- [Source material]:

━━━

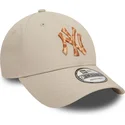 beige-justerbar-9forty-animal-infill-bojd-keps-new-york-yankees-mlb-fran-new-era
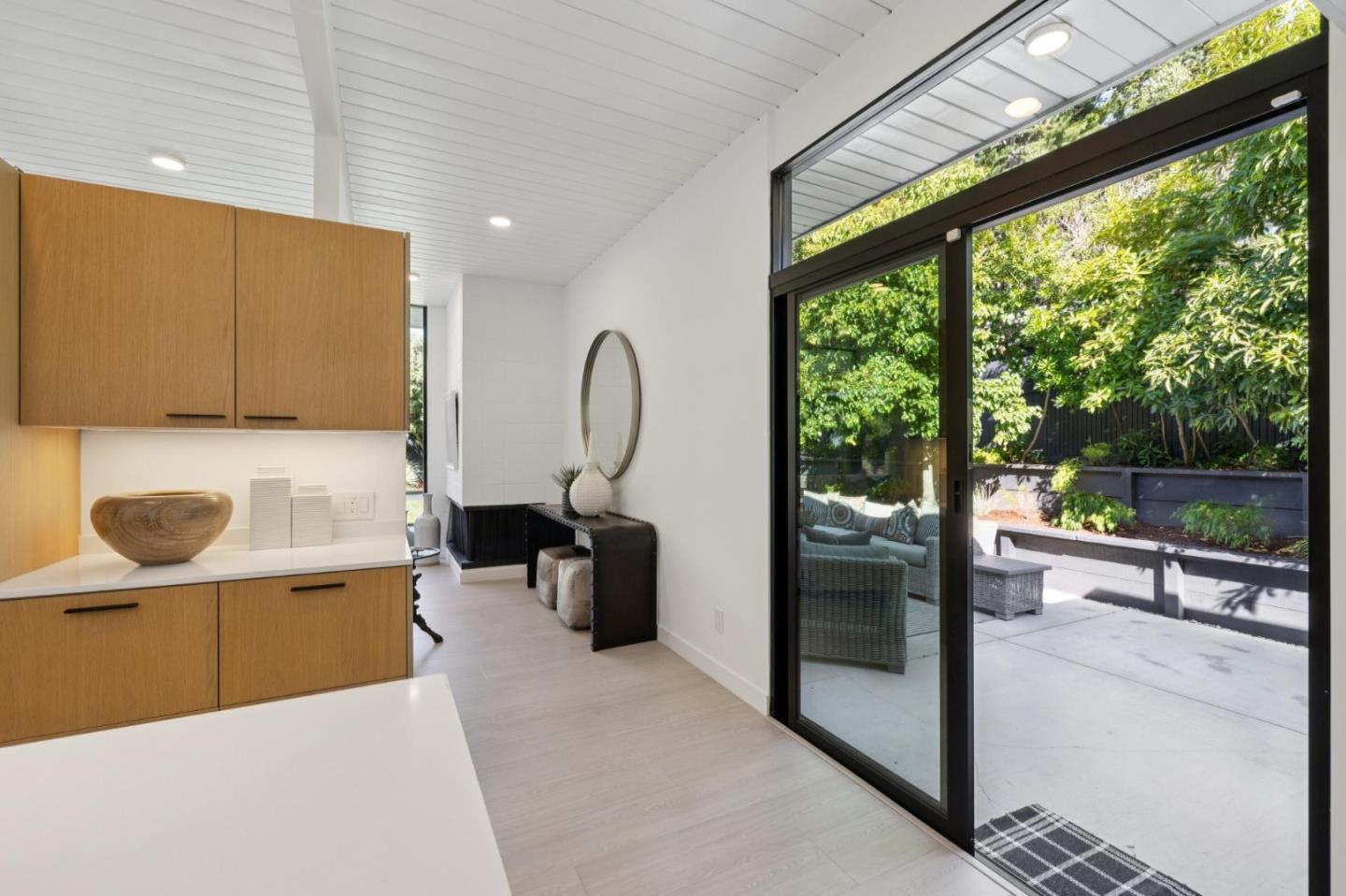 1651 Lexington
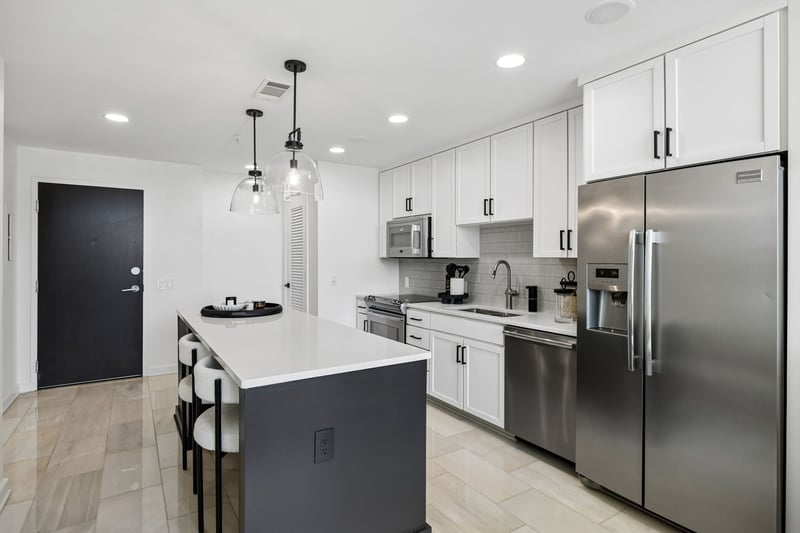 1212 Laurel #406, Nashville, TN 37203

━━━

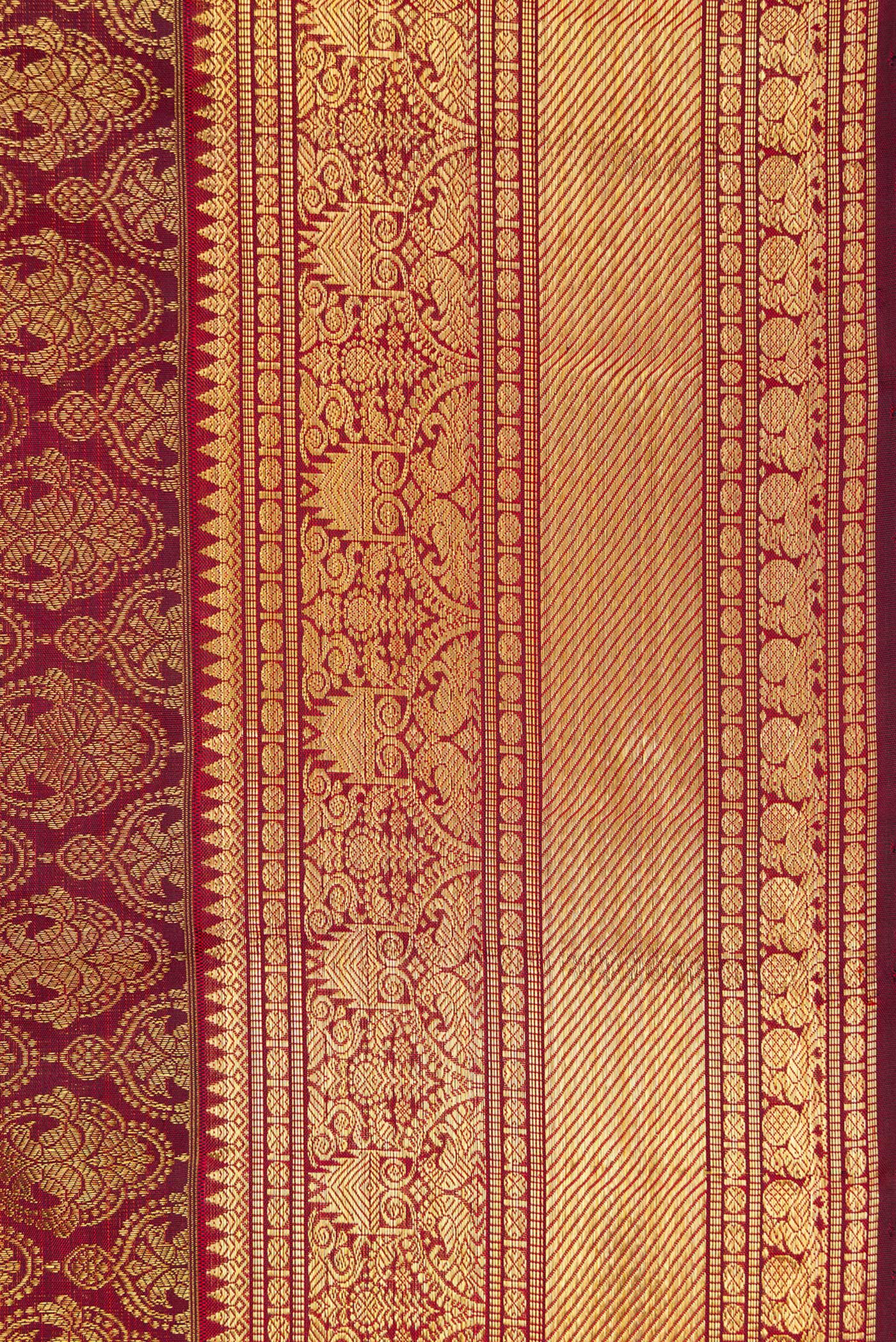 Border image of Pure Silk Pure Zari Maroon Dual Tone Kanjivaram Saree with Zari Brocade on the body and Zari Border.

━━━

Range to copy from the listing above: the line containing "1651 Lexington" down to the line containing "1212 Laurel #406, Nashville, TN 37203", both included. Reproduce it exactly, minus the pictures, and add nothing.

 1651 Lexington
 1212 Laurel #406, Nashville, TN 37203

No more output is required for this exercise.